Streicht man zuerst die Decke oder die Wände?
Normalerweise wird zuerst die Decke und anschließend die Wand gestrichen. So können mögliche Spritzer oder Ansätze an der Wand später überarbeitet werden.
Wie lange muss Wandfarbe trocknen?
Die genaue Trocknungszeit steht im technischen Merkblatt des Produkts oder auf dem Gebinde. Unter normalen Bedingungen sind viele Innenfarben nach einigen Stunden oberflächentrocken. Für einen zweiten Anstrich muss die angegebene Überarbeitungszeit eingehalten werden. Viele bei uns erhältliche Produkte sind bereits nach 4 Stunden überarbeitbar. Somit kannst du deine Traumwand in kurzer Zeit fertig stellen.

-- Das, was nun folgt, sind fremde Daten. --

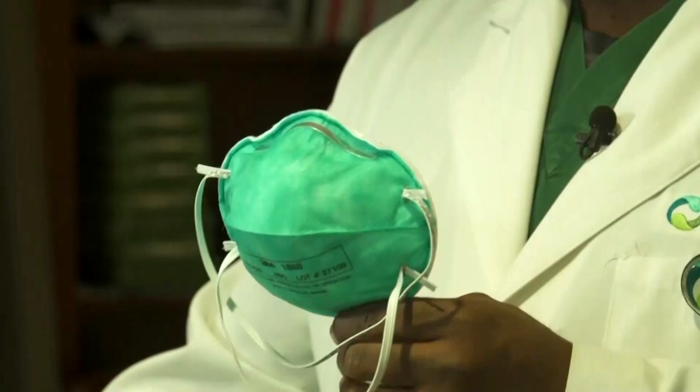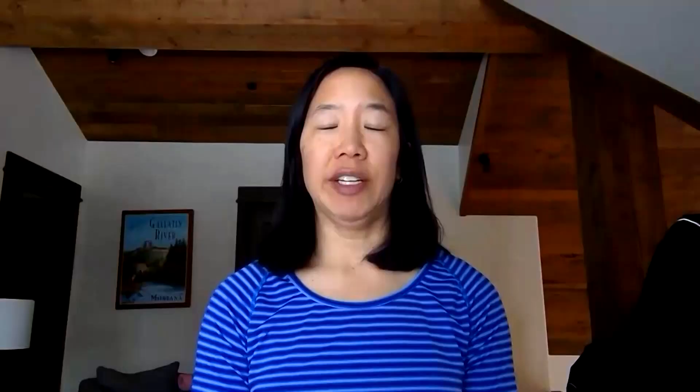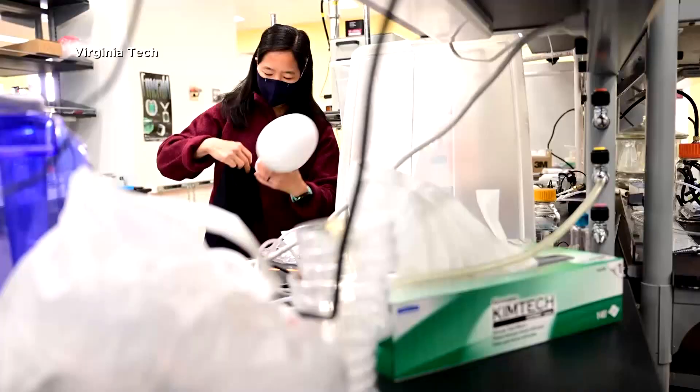We have special masks called respirators, such as an N95, that offer much greater protection. They're able to block 95% of particles that are either going out of your mouth or that you're breathing in.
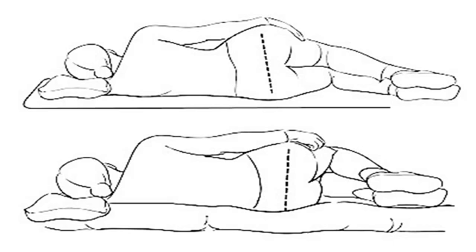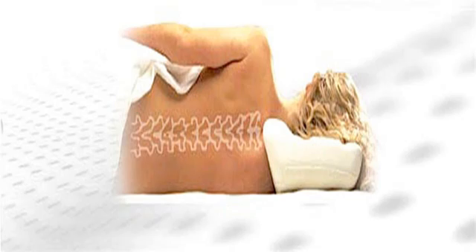A spring mattress with a pillow top can be a fine solution. Something unique like the Purple mattress can be great too. A higher density memory foam mattress can be great as well, as it conforms very well to your body and still relieves the pressure points on your hips and shoulders. Latex mattresses also can be good options.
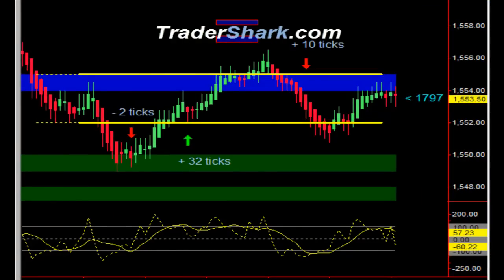Good evening, traders. This is Brian with TraderShark.com, an educational website to learn how to trade the E-mini S&P futures. Today is Friday, March 15th, 2013.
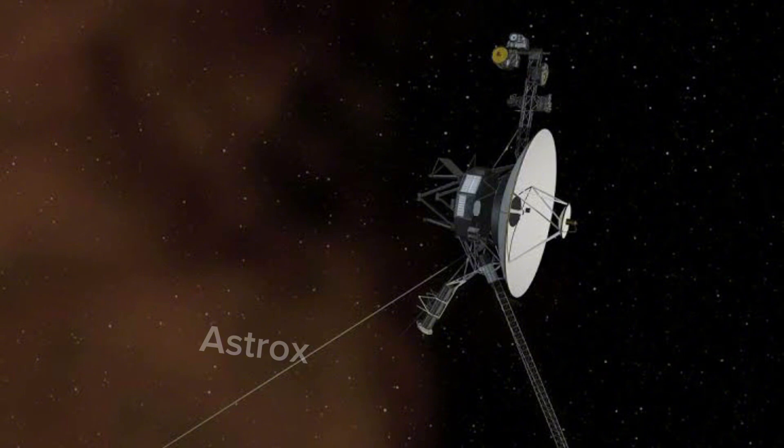Voyager 1 was built by the Jet Propulsion Laboratory, also known as JPL. It has 16 hydrazine thrusters, three-axis stabilization gyroscopes, and various instruments to keep the probe's radio antenna pointed towards Earth. Collectively, these instruments are part of the Altitude and Articulation Control System, also known as AACS, along with redundant units of most instruments. It also has eight backup thrusters.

Kann man eine Wand ohne Grundierung streichen?
Ja, sofern der Untergrund sauber, fest, tragfähig und gleichmäßig saugend ist. Eine Grundierung ist kein obligatorischer Arbeitsschritt, sondern muss zur Beschaffenheit der Wand passen.
Warum sieht die frisch gestrichene Wand fleckig aus?

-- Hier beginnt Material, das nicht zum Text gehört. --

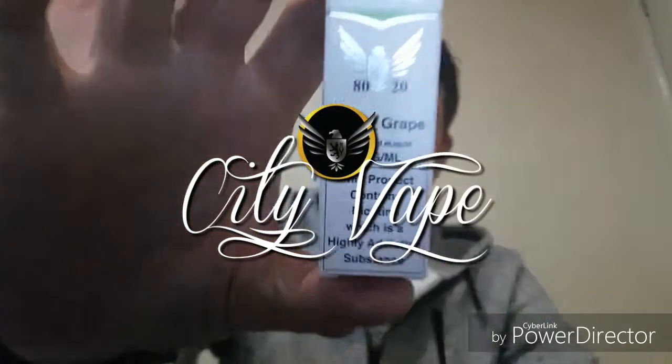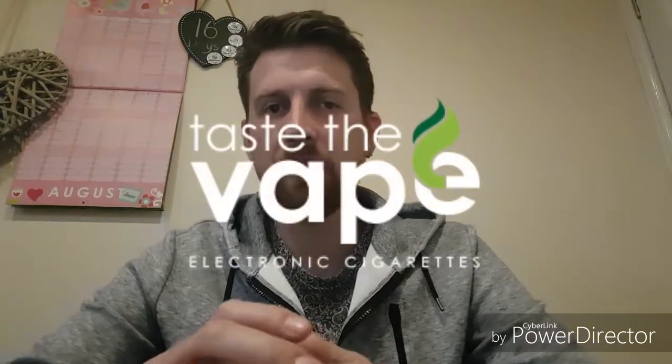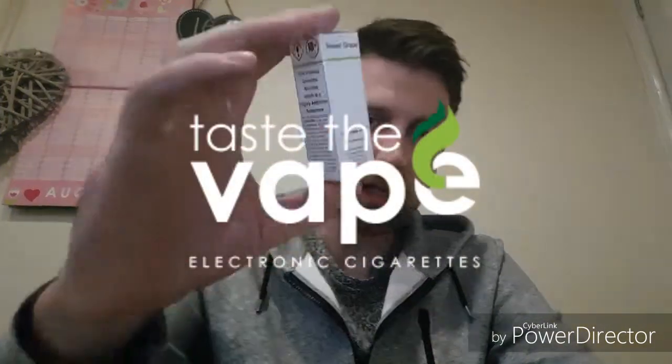Hi guys and welcome to another vape review with me Dids. Today I am reviewing City Vapes sweet grape flavoured e-liquid. This is available from tastethevape.co.uk at £3.60 a bottle. This particular bottle is 3mg of nicotine, also available in 6mg as well.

Während der Trocknung verdunstet Wasser unterschiedlich schnell. Deshalb kann eine frisch gestrichene Wand vorübergehend fleckig wirken. Beurteile die Oberfläche erst nach vollständiger Trocknung.
Wie viel Farbe benötige ich für eine Wand?
Als grober Richtwert reicht 1 Liter Wandfarbe für etwa 6 bis 7 m² Fläche bei einem Anstrich. Das entspricht ungefähr 150 ml Farbe pro m².
Für eine Wand mit rund 10 m² Fläche benötigst du bei zwei Anstrichen daher etwa 3 Liter Farbe. Der tatsächliche Verbrauch kann je nach Untergrund, Farbton, Saugfähigkeit und Deckvermögen etwas höher oder niedriger ausfallen.
Kann man Schimmel einfach überstreichen?
Nein. Zuerst müssen Ursache, Feuchtigkeitsbelastung und Umfang des Schadens geklärt werden. Einfaches Überstreichen löst das Problem nicht und kann den Befall lediglich vorübergehend verdecken.